- Opening Delimiter -

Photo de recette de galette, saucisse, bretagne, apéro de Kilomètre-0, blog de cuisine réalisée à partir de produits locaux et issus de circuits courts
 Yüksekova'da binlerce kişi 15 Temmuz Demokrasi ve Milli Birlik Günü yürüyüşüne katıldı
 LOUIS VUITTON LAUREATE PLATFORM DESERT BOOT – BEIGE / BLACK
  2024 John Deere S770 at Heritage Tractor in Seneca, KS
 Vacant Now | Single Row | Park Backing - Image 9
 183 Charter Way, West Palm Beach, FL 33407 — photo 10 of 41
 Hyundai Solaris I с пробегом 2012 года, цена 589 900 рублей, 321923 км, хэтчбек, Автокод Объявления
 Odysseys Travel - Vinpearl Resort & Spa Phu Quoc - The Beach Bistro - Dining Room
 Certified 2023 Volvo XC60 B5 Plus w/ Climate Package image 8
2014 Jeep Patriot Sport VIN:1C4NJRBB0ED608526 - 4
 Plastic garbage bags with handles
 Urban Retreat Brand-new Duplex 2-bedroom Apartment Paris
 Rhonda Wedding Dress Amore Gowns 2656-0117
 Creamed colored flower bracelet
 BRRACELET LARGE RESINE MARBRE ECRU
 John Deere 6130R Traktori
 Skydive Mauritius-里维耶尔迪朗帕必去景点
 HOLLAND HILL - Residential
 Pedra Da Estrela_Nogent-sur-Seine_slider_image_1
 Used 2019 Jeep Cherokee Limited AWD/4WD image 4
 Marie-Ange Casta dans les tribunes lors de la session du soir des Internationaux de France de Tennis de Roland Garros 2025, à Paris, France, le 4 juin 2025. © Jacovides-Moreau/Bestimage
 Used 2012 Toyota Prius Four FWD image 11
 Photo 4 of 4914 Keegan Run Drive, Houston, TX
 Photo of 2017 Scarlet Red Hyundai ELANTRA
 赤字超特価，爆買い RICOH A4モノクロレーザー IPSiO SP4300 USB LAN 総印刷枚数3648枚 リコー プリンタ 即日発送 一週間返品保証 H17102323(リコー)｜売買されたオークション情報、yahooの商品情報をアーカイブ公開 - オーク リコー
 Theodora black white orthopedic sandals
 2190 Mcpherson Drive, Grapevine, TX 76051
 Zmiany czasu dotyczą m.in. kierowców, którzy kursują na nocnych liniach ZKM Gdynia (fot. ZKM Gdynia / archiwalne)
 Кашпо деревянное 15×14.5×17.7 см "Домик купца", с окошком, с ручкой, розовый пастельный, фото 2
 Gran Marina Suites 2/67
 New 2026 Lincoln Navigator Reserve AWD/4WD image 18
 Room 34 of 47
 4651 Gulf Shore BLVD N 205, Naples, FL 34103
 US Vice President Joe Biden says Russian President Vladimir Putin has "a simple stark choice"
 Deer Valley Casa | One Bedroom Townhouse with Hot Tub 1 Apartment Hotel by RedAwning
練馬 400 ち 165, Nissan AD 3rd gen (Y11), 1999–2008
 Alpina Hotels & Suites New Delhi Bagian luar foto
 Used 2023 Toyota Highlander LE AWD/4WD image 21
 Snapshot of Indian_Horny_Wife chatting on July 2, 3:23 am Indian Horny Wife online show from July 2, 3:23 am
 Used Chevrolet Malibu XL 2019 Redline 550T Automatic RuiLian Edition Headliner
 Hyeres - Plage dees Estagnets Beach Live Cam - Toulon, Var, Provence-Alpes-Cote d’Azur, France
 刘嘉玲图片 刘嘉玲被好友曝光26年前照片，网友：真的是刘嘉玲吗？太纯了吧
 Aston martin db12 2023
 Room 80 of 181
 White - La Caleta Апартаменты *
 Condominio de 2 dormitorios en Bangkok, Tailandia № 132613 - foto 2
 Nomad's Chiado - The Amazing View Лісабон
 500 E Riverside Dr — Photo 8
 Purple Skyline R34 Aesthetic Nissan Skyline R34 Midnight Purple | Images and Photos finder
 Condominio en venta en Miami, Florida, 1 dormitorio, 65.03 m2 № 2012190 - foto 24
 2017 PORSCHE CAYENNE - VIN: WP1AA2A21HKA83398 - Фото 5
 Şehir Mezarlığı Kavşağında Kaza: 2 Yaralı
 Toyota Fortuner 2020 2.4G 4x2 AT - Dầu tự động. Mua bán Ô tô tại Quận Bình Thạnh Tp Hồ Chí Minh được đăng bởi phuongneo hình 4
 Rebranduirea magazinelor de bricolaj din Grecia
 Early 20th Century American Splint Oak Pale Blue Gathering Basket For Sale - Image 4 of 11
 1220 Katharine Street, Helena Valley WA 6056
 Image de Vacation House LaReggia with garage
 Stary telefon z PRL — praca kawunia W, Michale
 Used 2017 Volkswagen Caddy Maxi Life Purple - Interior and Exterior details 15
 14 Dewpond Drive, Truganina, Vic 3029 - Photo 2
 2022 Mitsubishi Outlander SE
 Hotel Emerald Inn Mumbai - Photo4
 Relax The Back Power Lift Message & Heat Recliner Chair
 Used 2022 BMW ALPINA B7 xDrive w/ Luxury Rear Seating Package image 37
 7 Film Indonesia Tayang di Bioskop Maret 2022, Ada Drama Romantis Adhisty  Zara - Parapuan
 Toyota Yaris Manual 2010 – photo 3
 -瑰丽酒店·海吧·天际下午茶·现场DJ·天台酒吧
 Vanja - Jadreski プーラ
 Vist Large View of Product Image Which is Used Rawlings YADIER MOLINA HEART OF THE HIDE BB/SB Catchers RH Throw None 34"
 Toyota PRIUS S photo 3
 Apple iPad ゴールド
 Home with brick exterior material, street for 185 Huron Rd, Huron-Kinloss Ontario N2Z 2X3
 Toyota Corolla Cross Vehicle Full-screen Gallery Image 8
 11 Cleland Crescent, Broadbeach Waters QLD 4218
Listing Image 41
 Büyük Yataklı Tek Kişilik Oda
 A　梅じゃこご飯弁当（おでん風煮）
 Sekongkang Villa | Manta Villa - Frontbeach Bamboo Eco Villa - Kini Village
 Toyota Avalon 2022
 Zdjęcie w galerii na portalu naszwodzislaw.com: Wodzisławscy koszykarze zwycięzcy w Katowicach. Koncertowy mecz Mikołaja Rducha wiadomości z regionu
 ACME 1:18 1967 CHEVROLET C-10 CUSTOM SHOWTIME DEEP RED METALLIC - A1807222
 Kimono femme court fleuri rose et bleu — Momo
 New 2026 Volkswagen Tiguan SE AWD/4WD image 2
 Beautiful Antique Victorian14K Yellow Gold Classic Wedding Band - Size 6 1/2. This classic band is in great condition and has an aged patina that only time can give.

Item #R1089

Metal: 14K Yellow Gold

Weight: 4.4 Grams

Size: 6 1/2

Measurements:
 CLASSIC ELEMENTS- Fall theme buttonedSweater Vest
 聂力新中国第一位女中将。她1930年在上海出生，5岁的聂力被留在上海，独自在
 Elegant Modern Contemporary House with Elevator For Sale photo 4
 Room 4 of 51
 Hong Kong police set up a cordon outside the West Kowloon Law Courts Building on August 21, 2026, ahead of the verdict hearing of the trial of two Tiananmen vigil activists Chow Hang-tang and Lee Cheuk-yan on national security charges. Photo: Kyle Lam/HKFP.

- Closing Delimiter -

## Problem to solve
Go through the records from the first line and copy each one exactly, ending after the line that contains "183 Charter Way, West". Give nothing else.

## Your response
Photo de recette de galette, saucisse, bretagne, apéro de Kilomètre-0, blog de cuisine réalisée à partir de produits locaux et issus de circuits courts
 Yüksekova'da binlerce kişi 15 Temmuz Demokrasi ve Milli Birlik Günü yürüyüşüne katıldı
 LOUIS VUITTON LAUREATE PLATFORM DESERT BOOT – BEIGE / BLACK
  2024 John Deere S770 at Heritage Tractor in Seneca, KS
 Vacant Now | Single Row | Park Backing - Image 9
 183 Charter Way, West Palm Beach, FL 33407 — photo 10 of 41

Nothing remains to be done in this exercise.